Enabling Ultrafast Single Mg 2+ Insertion Kinetics of Magnesium-Ion Batteries via In Situ Dynamic Catalysis and Re-equilibration Effects.

Magnesium-ion batteries (MIBs) have great potential in large-scale energy storage field with high capacity, excellent safety, and low cost. However, the strong solvation effect of Mg ²⁺ will lead to the formation of solvated ions in electrolytes with larger size and sluggish diffusion/reaction kinetics. Here, the concept of interfacial catalytic bond breaking is first introduced into the cathode design of MIBs by hybriding MoS ₂ quantum dots with VS ₄ (VS ₄ @MQDs) as the cathode. The "in situ dynamic catalysis and re-equilibration" effects can catalyze the Cl-Mg bond breaking and trigger single Mg ²⁺ insertion/extraction chemistries, which can significantly accelerate the diffusion and reaction kinetics, as verified by the decreased diffusion energy barriers (0.26 eV for Mg ²⁺ vs 2.47 eV for MgCl ⁺ ) and fast diffusion coefficient.
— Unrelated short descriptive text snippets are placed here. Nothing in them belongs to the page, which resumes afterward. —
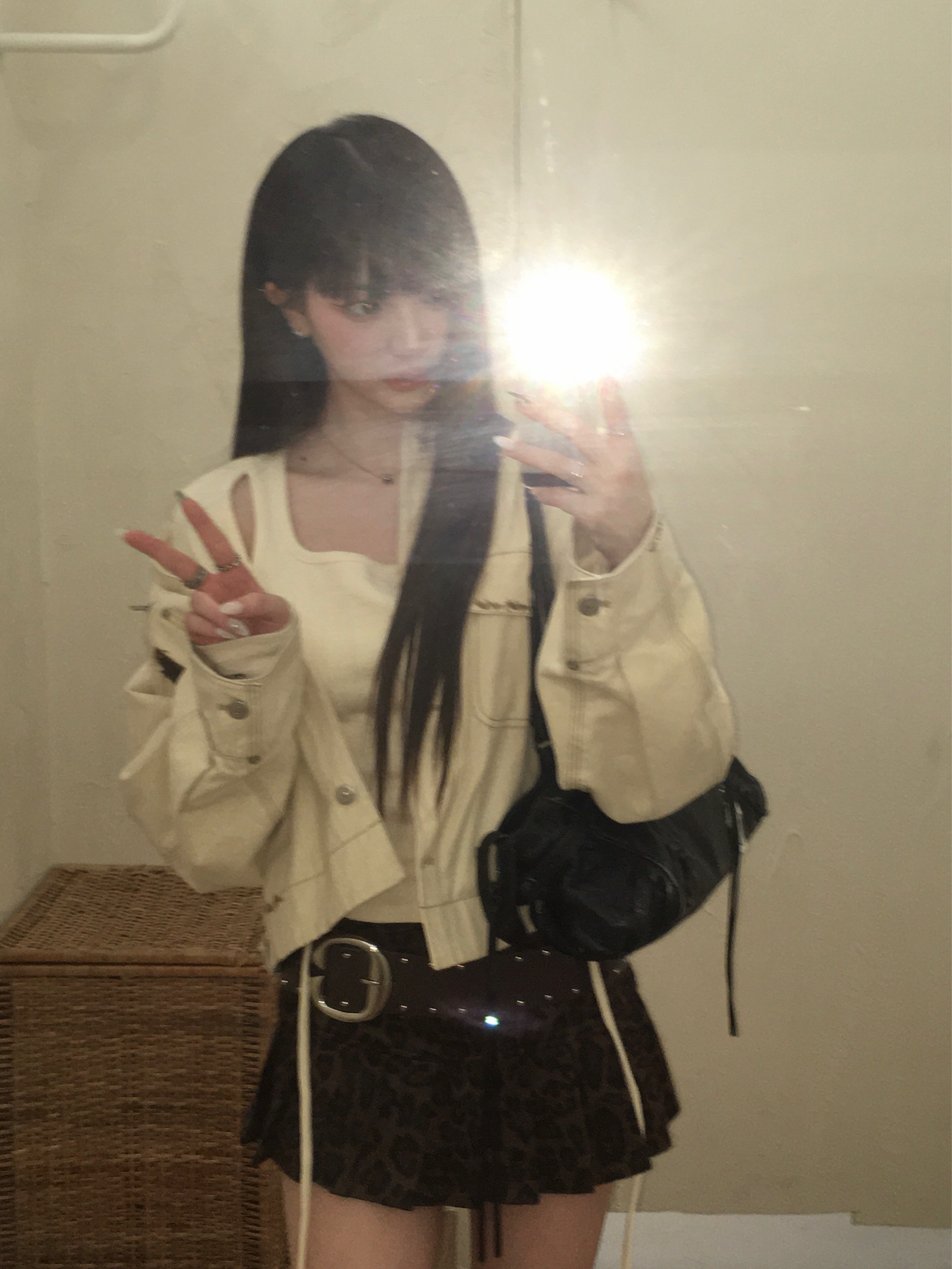 타이베이 가던 날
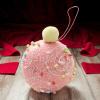 Christmas Ornaments | Hanging Christmas Decorations view 2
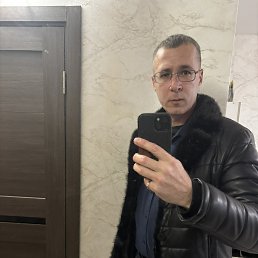 ������ �����, 41 ���, �����������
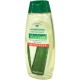 Shampoing aloe vera 250ml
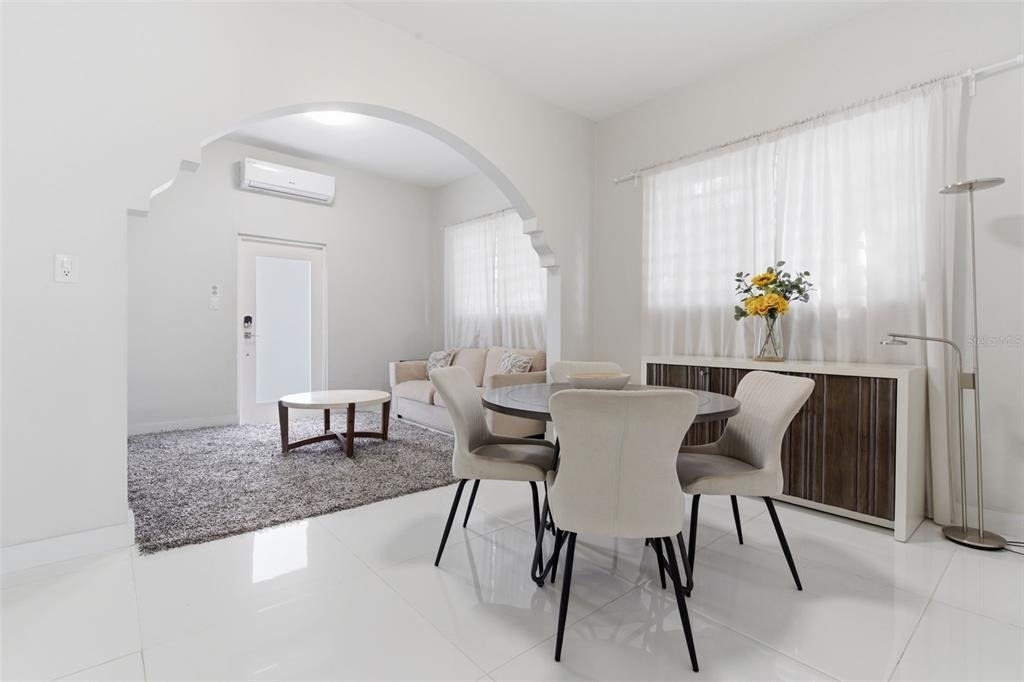 56 Calle F Krug Condado - Photo 1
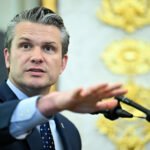 البنتاغون يبرم صفقات كبرى مع شركات دفاع لزيادة إنتاج الأسلحة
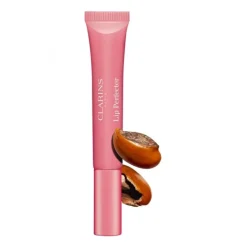 CLARINS Lip Perfector                Embelliseur Lèvres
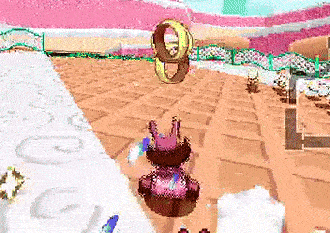 Noisett_Racer.gif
Benefitting from these dynamic catalysis effects, the constructed VS ₄ @MQD-based MIBs deliver a high discharge capacity of ∼120 mA h g ^-1 at 200 mA g ^-1 and a long-term cyclic stability of 1000 cycles at 1 A g ^-1 . The improved performance and detailed characterizations well prove that the active ions in MIBs change from MgCl ⁺ /Mg ₂ Cl ³⁺ to Mg ²⁺ with fast kinetics.